- [Task description] In the entries below, tally the lines that contain the string "Handmade", then state that number alone.

*** Begin section ***

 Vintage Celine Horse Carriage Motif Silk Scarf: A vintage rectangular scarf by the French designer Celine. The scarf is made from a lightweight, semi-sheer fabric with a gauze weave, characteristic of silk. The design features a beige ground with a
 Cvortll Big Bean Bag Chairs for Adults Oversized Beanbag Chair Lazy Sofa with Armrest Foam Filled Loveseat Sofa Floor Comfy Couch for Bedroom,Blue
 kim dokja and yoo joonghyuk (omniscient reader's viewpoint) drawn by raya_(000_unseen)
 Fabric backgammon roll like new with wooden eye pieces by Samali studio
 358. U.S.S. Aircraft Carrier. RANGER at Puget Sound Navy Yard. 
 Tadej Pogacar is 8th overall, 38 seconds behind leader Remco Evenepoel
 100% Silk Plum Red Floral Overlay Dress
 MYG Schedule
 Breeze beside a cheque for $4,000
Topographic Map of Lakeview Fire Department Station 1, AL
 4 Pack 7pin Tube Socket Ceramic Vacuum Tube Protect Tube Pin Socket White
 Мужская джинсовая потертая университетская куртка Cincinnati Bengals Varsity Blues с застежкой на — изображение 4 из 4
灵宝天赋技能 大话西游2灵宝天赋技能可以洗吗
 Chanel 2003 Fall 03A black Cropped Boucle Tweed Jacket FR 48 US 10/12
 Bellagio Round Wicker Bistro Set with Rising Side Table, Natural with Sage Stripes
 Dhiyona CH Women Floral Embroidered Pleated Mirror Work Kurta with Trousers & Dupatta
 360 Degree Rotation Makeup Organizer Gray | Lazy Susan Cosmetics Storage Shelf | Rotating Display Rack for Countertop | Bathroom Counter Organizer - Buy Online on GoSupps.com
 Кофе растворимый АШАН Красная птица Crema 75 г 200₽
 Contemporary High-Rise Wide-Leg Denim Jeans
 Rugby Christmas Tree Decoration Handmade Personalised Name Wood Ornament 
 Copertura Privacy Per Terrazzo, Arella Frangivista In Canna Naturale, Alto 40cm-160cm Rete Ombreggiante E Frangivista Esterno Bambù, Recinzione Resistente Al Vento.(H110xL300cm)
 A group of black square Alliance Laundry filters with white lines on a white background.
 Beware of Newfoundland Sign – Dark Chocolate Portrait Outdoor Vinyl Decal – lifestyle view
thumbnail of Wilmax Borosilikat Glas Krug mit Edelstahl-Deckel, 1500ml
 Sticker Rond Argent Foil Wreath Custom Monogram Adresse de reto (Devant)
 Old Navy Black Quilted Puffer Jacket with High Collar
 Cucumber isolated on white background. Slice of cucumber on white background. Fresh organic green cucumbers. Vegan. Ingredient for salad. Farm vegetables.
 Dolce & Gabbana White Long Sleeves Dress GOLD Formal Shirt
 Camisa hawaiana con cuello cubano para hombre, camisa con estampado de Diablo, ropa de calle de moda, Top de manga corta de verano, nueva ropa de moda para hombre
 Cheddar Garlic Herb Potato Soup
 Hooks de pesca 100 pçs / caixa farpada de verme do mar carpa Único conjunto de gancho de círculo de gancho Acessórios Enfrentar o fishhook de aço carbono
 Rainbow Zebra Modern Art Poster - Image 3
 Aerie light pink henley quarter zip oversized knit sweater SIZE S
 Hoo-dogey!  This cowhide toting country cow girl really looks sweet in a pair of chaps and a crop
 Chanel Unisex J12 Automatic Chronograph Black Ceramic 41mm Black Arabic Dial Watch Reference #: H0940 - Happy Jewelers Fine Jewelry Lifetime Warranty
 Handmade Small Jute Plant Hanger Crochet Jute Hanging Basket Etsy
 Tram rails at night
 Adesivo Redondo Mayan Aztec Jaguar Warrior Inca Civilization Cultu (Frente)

*** End section ***

- [Solution to the problem] 2